Model-based optimisation of agricultural profitability and nutrient management: a practical approach for dealing with issues of scale.

Abstract

To manage agricultural landscapes more sustainably, we must understand and quantify the synergies and trade-offs between environmental impact, production, and other ecosystem services. Models play an important role in this type of analysis as generally it is infeasible to test multiple scenarios by experiment. These models can be linked with algorithms that optimise for multiple objectives by searching a space of allowable management interventions (the control variables). Optimisation of landscapes for multiple objectives can be computationally challenging, however, particularly if the scale of management is typically smaller (e.g. field scale) than the scale at which the objective is quantified (landscape scale) resulting in a large number of control variables whose impacts do not necessarily scale linearly.
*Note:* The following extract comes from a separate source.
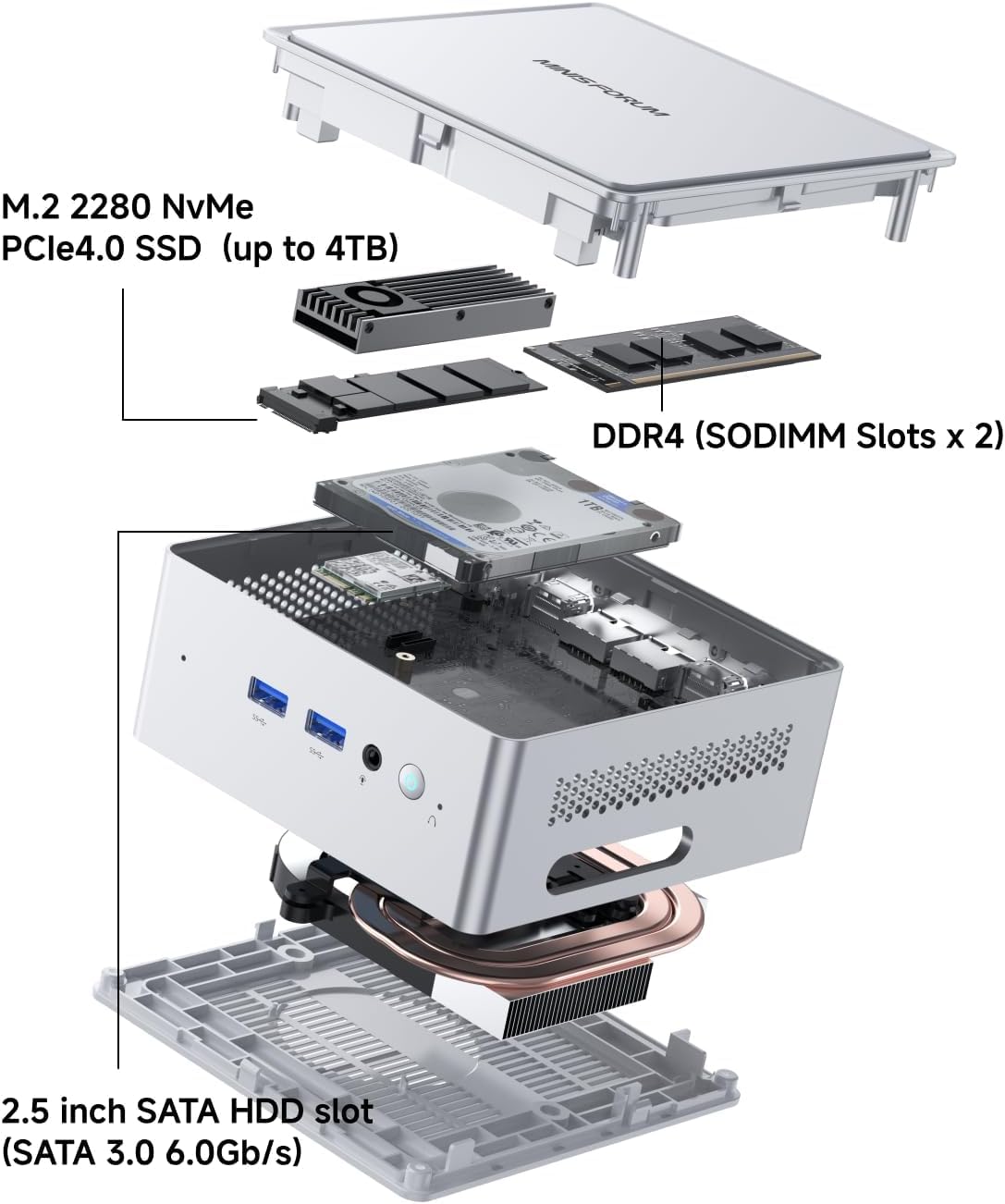 MINISFORUM Mini PC NAB8 Plus, procesador Core i7-12800H de 14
In this paper, we explore some practical solutions to this problem through a case study. In our case study, we link a relatively detailed, agricultural landscape model with a multiple-objective optimisation algorithm to determine solutions that both maximise profitability and minimise greenhouse gas emissions in response to management. The optimisation algorithm combines a non-dominated sorting routine with differential evolution, whereby a 'population' of 100 solutions evolves over time to a Pareto optimal front. We show the advantages of using a hierarchical approach to the optimisation, whereby it is applied to finer-scale units first (i.e. fields), and then the solutions from each optimisation are combined in a second step to produce landscape-scale outcomes. We show that if there is no interaction between units, then the solution derived using such an approach will be the same as the one obtained if the landscape is optimised in one step. However, if there is spatial interaction, or if there are constraints on the allowable sets of solutions, then outcomes can be quite different. In these cases, other approaches to increase the efficiency of the optimisation may be more appropriate-such as initialising the control variables for half of the population of solutions with values expected to be near optimal. Our analysis shows the importance of aligning a policy or management recommendation with the appropriate scale.